Electrification is seen as a promising solution for reducing emissions in the maritime sector, but it is not without challenges. The main issue lies in the type of battery systems used in waterborne transport. Batteries are typically oversized to ensure a specified capacity over their ten-year lifetime, leading to high costs that hinder the widespread adoption of electrified ships. The SEABAT project seeks to address this challenge by developing a hybrid concept that combines high-energy and high-power batteries to optimize their performance. By distributing the load between the two storage devices based on the energy storage system’s operating strategy, oversizing can be reduced, and the system lifetime can be extended.
The advantages of hybridization in maritime electrification are significant. It can result in up to 20% less weight, up to 24% volume reduction potential, and up to 24% cost-saving potential for investments. Furthermore, studies on city buses have shown that hybridization can increase the lifetime of the battery system by 16%. To achieve these benefits, the SEABAT project has studied and analyzed four hybrid solutions, each with its own advantages and characteristics.

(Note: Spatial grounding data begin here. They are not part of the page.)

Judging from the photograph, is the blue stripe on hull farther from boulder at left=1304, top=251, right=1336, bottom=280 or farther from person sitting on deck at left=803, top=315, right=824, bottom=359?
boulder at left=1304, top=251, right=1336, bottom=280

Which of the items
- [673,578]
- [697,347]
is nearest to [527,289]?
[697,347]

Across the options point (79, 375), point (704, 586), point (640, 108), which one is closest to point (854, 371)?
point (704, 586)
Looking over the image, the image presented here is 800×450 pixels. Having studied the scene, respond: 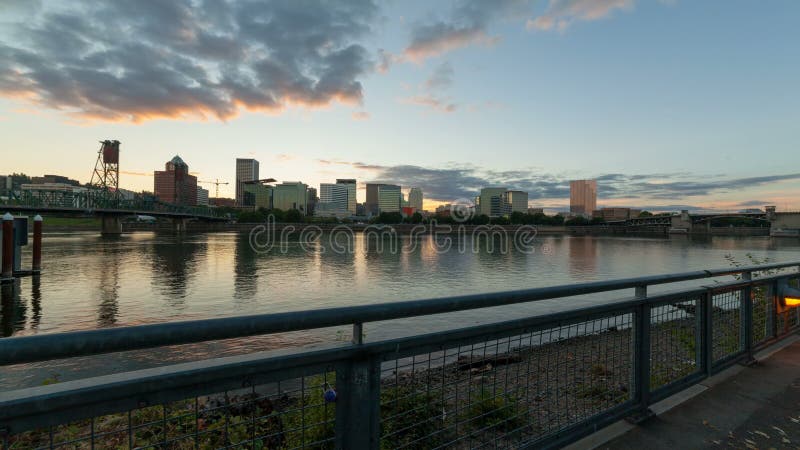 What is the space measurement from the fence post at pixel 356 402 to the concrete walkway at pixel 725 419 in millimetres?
2146

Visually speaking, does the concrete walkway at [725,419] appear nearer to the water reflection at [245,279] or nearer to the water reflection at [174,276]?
the water reflection at [174,276]

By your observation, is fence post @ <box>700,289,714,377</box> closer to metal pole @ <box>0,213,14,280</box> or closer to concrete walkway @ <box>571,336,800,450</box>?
concrete walkway @ <box>571,336,800,450</box>

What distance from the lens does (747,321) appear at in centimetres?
593

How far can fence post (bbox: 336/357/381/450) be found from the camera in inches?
94.3

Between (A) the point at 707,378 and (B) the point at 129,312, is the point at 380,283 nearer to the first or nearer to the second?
(B) the point at 129,312

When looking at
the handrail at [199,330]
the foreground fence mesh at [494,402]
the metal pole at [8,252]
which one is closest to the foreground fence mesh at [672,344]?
the foreground fence mesh at [494,402]

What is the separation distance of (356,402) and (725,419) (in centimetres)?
403

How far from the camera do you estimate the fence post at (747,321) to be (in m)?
5.81

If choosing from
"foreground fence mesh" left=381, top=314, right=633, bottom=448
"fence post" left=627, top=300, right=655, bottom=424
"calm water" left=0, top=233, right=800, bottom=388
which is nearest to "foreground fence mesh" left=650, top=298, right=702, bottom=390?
"fence post" left=627, top=300, right=655, bottom=424

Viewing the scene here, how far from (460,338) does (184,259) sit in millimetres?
45233

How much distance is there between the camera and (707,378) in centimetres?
513

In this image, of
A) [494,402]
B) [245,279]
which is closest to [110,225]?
[245,279]

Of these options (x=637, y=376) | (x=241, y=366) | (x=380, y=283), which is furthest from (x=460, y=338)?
(x=380, y=283)

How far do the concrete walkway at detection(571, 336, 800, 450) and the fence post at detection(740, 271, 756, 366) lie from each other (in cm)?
33
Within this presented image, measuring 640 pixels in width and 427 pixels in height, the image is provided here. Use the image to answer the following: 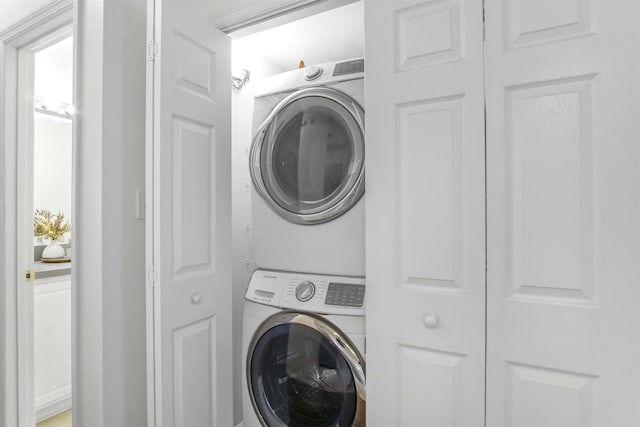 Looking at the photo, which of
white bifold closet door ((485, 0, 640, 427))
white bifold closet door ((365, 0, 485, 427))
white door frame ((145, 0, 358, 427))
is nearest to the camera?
white bifold closet door ((485, 0, 640, 427))

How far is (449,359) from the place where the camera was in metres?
1.06

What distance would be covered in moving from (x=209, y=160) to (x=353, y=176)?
0.61m

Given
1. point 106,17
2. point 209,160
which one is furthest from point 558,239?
point 106,17

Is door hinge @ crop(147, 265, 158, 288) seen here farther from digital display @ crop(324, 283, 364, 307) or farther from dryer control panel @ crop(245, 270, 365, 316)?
digital display @ crop(324, 283, 364, 307)

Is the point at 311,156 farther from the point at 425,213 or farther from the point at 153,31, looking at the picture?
the point at 153,31

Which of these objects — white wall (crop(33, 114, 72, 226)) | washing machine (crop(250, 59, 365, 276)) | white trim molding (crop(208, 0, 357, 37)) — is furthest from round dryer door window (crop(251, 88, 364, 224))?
white wall (crop(33, 114, 72, 226))

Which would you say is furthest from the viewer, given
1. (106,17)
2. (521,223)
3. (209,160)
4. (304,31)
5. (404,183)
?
(304,31)

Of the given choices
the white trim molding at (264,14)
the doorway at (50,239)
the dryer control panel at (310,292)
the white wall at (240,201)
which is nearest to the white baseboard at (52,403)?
the doorway at (50,239)

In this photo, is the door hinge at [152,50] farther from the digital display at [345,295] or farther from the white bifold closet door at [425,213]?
the digital display at [345,295]

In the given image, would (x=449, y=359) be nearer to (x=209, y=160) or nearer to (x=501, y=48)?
(x=501, y=48)

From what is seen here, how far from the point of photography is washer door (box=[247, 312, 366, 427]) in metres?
1.35

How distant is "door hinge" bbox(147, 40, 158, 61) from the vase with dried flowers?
215 centimetres

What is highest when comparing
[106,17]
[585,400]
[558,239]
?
[106,17]

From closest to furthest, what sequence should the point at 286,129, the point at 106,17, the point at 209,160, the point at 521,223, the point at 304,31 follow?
1. the point at 521,223
2. the point at 106,17
3. the point at 209,160
4. the point at 286,129
5. the point at 304,31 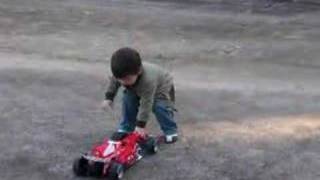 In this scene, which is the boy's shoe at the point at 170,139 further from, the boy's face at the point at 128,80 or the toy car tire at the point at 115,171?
the toy car tire at the point at 115,171

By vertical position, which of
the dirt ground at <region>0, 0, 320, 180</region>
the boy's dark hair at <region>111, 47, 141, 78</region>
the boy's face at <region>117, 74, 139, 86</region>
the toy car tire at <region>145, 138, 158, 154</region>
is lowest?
the dirt ground at <region>0, 0, 320, 180</region>

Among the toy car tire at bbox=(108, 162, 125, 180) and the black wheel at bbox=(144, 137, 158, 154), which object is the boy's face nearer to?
the black wheel at bbox=(144, 137, 158, 154)

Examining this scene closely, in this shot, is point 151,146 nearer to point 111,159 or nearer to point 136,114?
point 136,114

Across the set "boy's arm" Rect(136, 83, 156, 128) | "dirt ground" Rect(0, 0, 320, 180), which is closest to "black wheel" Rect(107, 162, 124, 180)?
"dirt ground" Rect(0, 0, 320, 180)

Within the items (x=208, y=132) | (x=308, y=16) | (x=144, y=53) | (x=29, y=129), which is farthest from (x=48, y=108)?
(x=308, y=16)

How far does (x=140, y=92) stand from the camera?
17.6ft

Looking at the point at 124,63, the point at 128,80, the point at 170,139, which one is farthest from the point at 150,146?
the point at 124,63

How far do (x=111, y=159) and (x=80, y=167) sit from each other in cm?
20

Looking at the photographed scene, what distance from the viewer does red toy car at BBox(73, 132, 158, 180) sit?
495 cm

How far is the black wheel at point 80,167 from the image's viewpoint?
5004 millimetres

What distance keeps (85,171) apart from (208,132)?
4.02ft

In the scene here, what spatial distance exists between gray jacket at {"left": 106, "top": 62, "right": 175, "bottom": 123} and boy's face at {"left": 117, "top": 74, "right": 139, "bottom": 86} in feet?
0.24

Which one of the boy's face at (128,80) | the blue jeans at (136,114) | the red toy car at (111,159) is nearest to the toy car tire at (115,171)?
the red toy car at (111,159)

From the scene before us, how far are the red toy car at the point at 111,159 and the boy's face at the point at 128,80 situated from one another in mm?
333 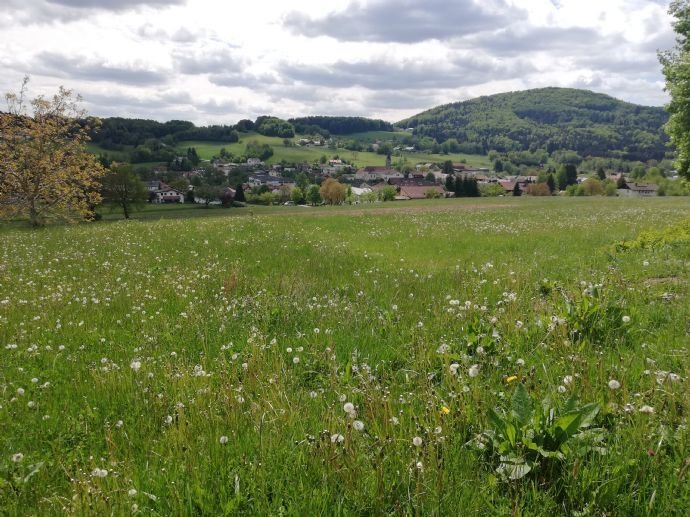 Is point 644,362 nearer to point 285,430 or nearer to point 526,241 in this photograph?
point 285,430

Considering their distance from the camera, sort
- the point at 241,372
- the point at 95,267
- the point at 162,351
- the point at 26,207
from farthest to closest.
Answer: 1. the point at 26,207
2. the point at 95,267
3. the point at 162,351
4. the point at 241,372

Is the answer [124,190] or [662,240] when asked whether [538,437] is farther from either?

Among the four hybrid topologies studied, the second topology was selected as the best option due to its significant advantages in cost, volume, weight, and energy losses compared to the other topologies. Additionally, recent innovations in battery technology, such as nickel manganese cobalt oxide (NMC), lithium iron phosphate (LFP), and lithium titanate (LTO), have expanded the possibilities for battery systems in the waterborne transport sector.
The development of innovative battery system technologies, like the ones being explored in the SEABAT project, along with the increasing use of different types of batteries, have facilitated the electrification of the maritime sector. This has resulted in a rise in the construction of pure electric vessels, which can be powered entirely by onboard battery systems. Furthermore, “plug-in hybrid” applications, which allow for partial electrification, are also gaining traction. The systematic electrification of ports and docks is expected to further support the adoption of electric vessels by providing charging infrastructure during stops, thus reducing emissions.
The SEABAT project is at the forefront of advancing electrification in the maritime sector. By developing a fully-electric maritime hybrid concept and exploring different battery technologies, it aims to contribute to the reduction of emissions in the waterborne transport sector. With continued research and development, the vision of a greener maritime industry is within reach.